The (Less Than Impressive) Return of the V8, 1975
In 1975, the V8 returned to the Mustang line-up in 5-litre form. Unfortunately, the engineering around the eight cylinders wasn’t exactly in sync, meaning that the large engine sucked air through the two-barrel carburettor and had to force the exhaust through a catalytic converter on the way out. The engine produced a wholly unimpressive 122 horsepower, which was routed through an automatic transmission. Although poor, this was far superior to the 83 horsepower that the catalytic converter was restricting the four cylinder version to.
The Rebirth, 1979
Over the intervening years, the Mustang’s overall shape was altered quite significantly. The 1979 version was probably the biggest departure from the original up to this point. Ford abandoned the Pinto foundation on which the Mustang II was built, replacing it with the Ford Fairmont ‘Fox’ body which had been introduced in 1978. With a new shape, different chassis and numerous improvements, the 1979 model had a larger cabin, and came with the option of choosing either a coupe or a hatchback. The formula was a roaring success, and Ford built 369,936 units during the course of the year.
A Return to Basics, 1994
The 80s saw only minor changes and transformations, and the next major revamp didn’t occur until 1994. Ford returned to the original Mustang design and formula, making a few tweaks along the way, including adding some modern touches. The car would become one of the most recognisable vehicles of the ‘90s. It featured a galloping horse on the grille, the original side scallop and taillights which were split into three horizontal segments. Buyers had the option to choose from the 145 horsepower fuel-injected 3.8-litre V6, and a revised version of the 5-litre V8, which featured a flatter intake manifold and could effortlessly churn out 215 horsepower.
The 1994 generation may have been an ode to its glorious predecessors, but the 2005 model was a brazen dedication. The Fox platform was scrapped, substituted by the one used in the Lincoln LS and the Ford Thunderbird.

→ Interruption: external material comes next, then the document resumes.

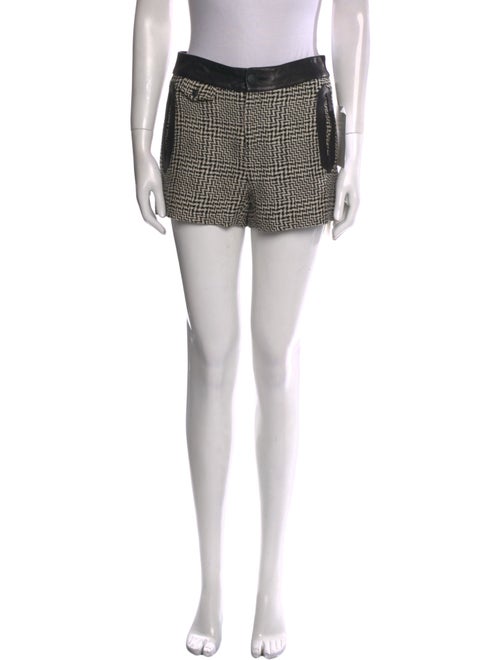 Rag & Bone Printed Mini Shorts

The designers managed to successfully tread the very fine line between paying homage to a classic style without the resultant vehicle looking like a caricature of the original. The grill, headlights, stance, taillights, haunches and fenders – in fact, almost every aspect – were heavily modelled on those from the 1960s models. Buyers could once again choose from a wide variety of options, from the 200 horsepower V6 to the 315 horsepower V8.
On Course for Global Domination, 2015
The latest iteration of the model shows that Ford learnt their lesson; stick to what works. However, that doesn’t mean that the evolution of the Mustang has come to a standstill. The latest car harmoniously balances the appeal of the classic Mustangs of yesteryear with progressive new elements aimed at attracting foreign markets which have never before shown an affinity for Mustang, or Mustang-type, cars. Due to be released next year, the model incorporates all of the metallic aggression you could desire in an muscle car, combined with the modern preference for chic simplicity and clean, sleek lines. This latest vehicle is a performance car worthy of the most discerning critic but, most of all, it’s a Mustang.